Major technology vendors are providing sophisticated applications in exchange for user data, such as their preferences, online activities and behavior, Christopher Soghoian, a Washington, D.C.-based graduate fellow at the Center for Applied Cyber-Security Research, said in his keynote speech at the Kaspersky Lab Security Analyst Summit Feb. 3. When the companies have to decide between making money and protecting user privacy, business needs take priority, he told attendees.
“When their business models and your privacy conflict, only one will survive,” said Soghoian.
Browsers are not “cheap” to develop, but companies are giving them away in order to make it easier to collect user data, said Soghoian. Most popular browsers by default are set to accept cookies that Websites and third-party advertiser networks can use for online tracking. Apple’s Safari accepts cookies from the Website, but actually disables third-party cookies by default. Apple took the “responsible route,” said Soghoian.
The advertising-based business model relies on Internet users to surrender increasing amounts of information, Soghoian said. If the interface “sucks,” users won’t use the privacy settings effectively and will make mistakes, resulting in data being exposed. The difficulty is intentional, since companies know that users are less likely to bother with turning on privacy settings if the options are hard to find or understand.
Google, Microsoft, Facebook and Twitter all offer HTTPS on their online services to encrypt connections and prevent malicious attackers from intercepting user data while in transit. It takes six distinct steps to turn on HTTPS in Microsoft’s Hotmail, and Facebook has been criticized for its confusing array of privacy pages. Before Google took the step to enable HTTPS by default for all Gmail users, the HTTPS option was buried at the bottom of the settings pages. It was the “least important” option, said Soghoian.
The interfaces are generally not designed by security-minded developers or developers thinking about the best user experience, but rather by the people who have an “understanding of human psychology” and are not concerned about the user’s best interest, said Soghoian. What settings are on or off by default is just as important as what the interface is like, he said.
“These companies have default settings that are not private and not secure, because they know consumers will never change these defaults,” said Soghoian.
When Google implemented HTTPS, it initially justified the decision to turn off the option by default by claiming that encryption potentially slowed down page performance and had additional performance overhead. A difficult privacy question over encryption and privacy was just “left up to the users,” said Soghoian.
The company switched to using HTTPS by default shortly after it disclosed that Chinese attackers had breached several Gmail accounts that belonged to U.S. government officials.
Facebook and Twitter still have HTTPS turned off by default, even though Facebook enabled it by default for its Tunisian users after reports emerged of the government eavesdropping on its citizens last year.
Toolbars are often bundled into other software installers. The average Internet user doesn’t want the toolbar but is tricked into installing it. When installing Adobe Reader, users are opted in by default to install Google Toolbar, and the Java installer has a similar option for the Yahoo toolbar.

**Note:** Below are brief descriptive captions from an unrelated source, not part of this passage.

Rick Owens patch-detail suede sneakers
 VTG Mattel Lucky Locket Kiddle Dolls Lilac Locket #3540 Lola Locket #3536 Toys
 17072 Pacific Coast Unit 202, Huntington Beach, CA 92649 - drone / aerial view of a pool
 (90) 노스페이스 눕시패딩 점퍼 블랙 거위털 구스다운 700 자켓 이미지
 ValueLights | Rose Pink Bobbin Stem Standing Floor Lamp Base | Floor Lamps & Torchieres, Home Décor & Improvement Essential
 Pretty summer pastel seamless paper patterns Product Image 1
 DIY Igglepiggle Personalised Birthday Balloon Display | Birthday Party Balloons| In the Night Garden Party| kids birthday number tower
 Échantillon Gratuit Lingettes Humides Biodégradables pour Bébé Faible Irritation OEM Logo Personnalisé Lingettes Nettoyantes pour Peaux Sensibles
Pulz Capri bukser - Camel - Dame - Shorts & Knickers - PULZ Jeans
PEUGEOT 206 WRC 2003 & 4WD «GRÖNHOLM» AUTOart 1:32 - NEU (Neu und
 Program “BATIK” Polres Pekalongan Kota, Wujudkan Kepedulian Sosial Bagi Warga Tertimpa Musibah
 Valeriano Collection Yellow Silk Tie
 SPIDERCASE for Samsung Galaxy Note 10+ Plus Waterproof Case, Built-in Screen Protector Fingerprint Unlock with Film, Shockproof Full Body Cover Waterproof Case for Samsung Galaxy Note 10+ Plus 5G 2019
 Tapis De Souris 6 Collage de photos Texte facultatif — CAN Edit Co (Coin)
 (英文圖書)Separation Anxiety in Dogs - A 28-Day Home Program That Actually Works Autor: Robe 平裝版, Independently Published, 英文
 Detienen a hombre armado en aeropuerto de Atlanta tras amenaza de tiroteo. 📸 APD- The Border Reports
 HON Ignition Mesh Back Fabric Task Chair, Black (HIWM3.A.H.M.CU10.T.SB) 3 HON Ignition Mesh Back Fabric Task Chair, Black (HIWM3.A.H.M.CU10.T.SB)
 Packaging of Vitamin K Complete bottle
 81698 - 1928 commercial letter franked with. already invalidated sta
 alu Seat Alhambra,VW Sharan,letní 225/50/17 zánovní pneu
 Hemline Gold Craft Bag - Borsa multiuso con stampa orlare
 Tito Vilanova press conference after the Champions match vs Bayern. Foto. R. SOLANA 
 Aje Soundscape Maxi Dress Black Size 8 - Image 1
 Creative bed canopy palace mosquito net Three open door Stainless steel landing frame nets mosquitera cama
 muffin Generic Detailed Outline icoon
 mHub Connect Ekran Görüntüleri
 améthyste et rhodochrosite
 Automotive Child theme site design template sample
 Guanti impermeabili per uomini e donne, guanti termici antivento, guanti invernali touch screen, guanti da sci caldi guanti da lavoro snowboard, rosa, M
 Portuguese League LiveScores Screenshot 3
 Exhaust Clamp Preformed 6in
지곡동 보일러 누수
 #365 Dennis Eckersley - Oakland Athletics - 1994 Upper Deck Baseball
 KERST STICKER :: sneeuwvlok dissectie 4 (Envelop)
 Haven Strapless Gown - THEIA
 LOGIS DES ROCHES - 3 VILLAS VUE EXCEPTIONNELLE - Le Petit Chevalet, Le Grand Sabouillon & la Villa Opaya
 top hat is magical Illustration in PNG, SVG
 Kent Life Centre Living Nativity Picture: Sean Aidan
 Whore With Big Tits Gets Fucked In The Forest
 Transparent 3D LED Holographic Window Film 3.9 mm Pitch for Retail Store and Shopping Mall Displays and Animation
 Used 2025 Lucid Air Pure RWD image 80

Often, users don’t even know how they wound up having several toolbars taking up space at the top of the Web browser.
“Good defaults lead to good choices,” said Soghoian.
Google can’t deliver a privacy-protecting product for free, said Soghoian. Since Microsoft and Google can’t put tracking technology inside the Web browser itself, they rely on their advertiser networks Atlas and Doubleclick, to harvest user data from browser history, headings and user-submitted content.
Browsers are designed to “spew data all over the Internet,” he said.
A version of Internet Explorer originally had an option for easily enabling privacy settings at once. The option drove advertising network executives “bananas,” and they prevailed upon Microsoft to oppose the option. If consumers could turn on automatic privacy easily, third-party networks would have a harder time making money. Microsoft “sabotaged” its own product so that every single time the user closed the browser, the privacy settings were turned back off in order to keep the advertisers happy, Soghoian said.
They weren’t being “evil,” as it was just a matter of survival, he said.
One way to address this dilemma is to move away from the free software model to one in which users pay a small fee to use a version that has all the tracking features disabled. There should be a way to use the online music-streaming system Spotify without having a Facebook log-in.
“Consumers don’t have a choice. You have one version of Chrome and one version only,” said Soghoian.
Governments can treat data privacy as a public health crisis and use its influence to promote best practices, such as updating browsers and encouraging secure configurations, he said.